BEGIN Records to use
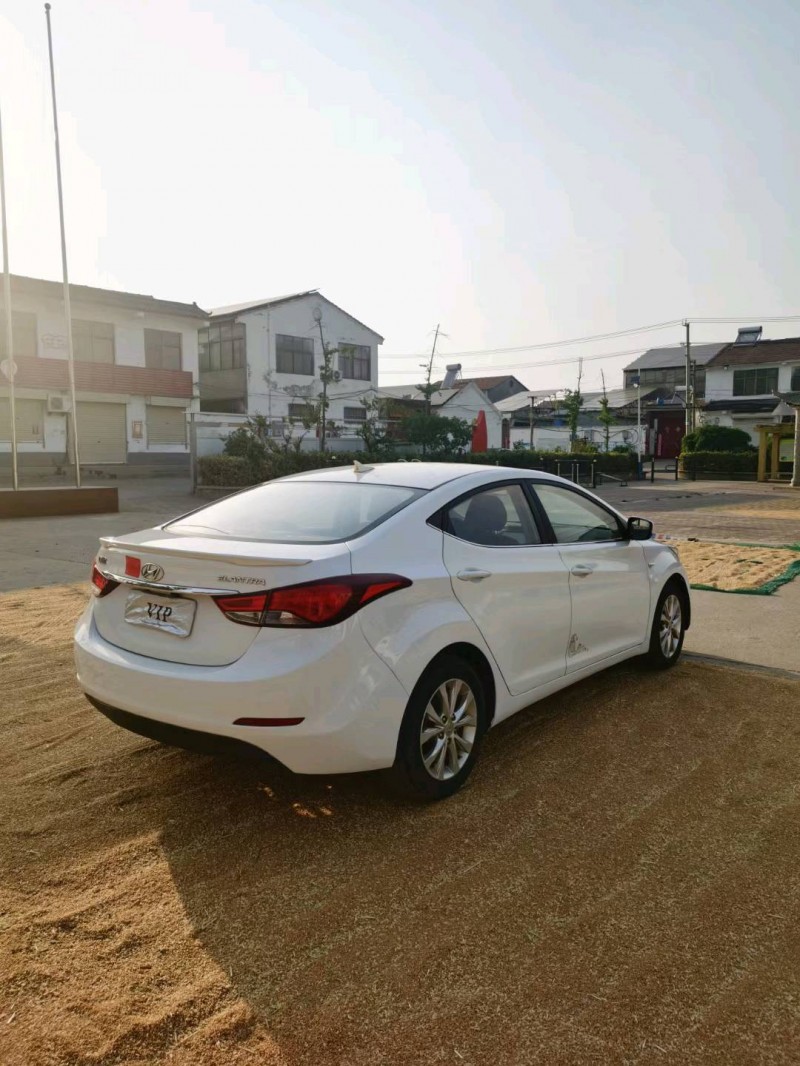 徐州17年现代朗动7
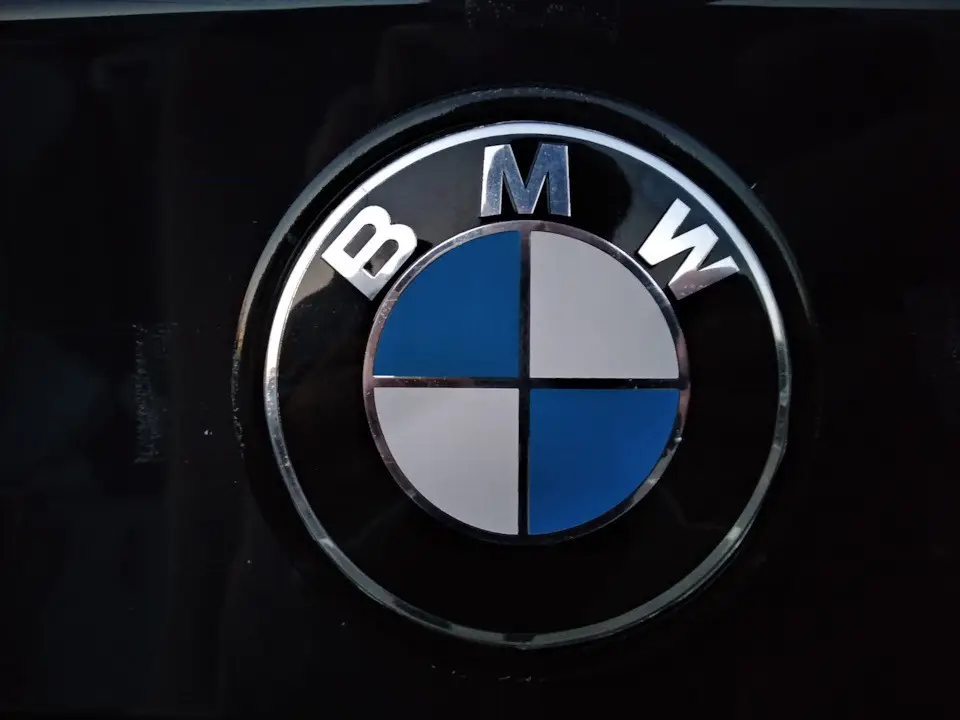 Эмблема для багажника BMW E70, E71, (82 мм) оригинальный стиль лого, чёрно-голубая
END Records to use
BEGIN Records to use
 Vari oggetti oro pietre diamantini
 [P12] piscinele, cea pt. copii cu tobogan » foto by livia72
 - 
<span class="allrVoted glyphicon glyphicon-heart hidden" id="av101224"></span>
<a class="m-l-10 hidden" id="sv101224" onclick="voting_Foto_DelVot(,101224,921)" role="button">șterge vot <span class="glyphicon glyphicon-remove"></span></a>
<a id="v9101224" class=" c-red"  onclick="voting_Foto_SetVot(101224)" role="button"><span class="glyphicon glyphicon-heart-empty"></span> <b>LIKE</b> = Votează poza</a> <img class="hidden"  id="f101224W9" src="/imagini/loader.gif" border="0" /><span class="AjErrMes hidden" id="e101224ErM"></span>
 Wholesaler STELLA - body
END Records to use
Which lines in the entries above contain "hidden"? Pull each of them out.

<span class="allrVoted glyphicon glyphicon-heart hidden" id="av101224"></span>
<a class="m-l-10 hidden" id="sv101224" onclick="voting_Foto_DelVot(,101224,921)" role="button">șterge vot <span class="glyphicon glyphicon-remove"></span></a>
<a id="v9101224" class=" c-red"  onclick="voting_Foto_SetVot(101224)" role="button"><span class="glyphicon glyphicon-heart-empty"></span> <b>LIKE</b> = Votează poza</a> <img class="hidden"  id="f101224W9" src="/imagini/loader.gif" border="0" /><span class="AjErrMes hidden" id="e101224ErM"></span>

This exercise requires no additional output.